HBase APIs and Client Platforms

Figure 1: HBase APIs and Client Platforms

Why Choose HBase?

HBase is a very flexible and powerful database that integrates with a wide range of technologies and supports many different use cases. HBase leverages the Hadoop Distributed File System for high availability at the storage layer, but presents a real-time interface, so it’s useful for transactional systems as well as big data problems.

In a production system, HBase has more complex infrastructure requirements than many databases—there are three server roles (Zookeeper, Master and Region Servers), and for reliability and performance, you need multiple nodes in each role. With a well-designed database, you can scale HBase just by adding more servers, and you should never need to archive old data.
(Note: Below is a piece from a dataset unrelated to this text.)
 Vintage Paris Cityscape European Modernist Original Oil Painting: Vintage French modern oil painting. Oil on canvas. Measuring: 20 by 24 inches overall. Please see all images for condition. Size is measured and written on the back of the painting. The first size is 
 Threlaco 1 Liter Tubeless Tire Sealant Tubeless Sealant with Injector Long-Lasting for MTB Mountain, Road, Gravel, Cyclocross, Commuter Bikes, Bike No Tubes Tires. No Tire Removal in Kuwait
HBase is a Java system that can run in simplified modes for development and test environments, so your non-production landscape can be modest. You can containerize the database, which makes for easy end-to-end testing in your build process and a high level of quality assurance for your code.

HBase Data Structure

HBase was inspired by Google’s Big Table, which is the storage technology used for indexing the web. The architecture meets the need for real-time random access to specific items, in databases with terabytes – or even petabytes – of data. In HBase tables with hundreds of millions of rows, you can still expect sub-second access to individual rows.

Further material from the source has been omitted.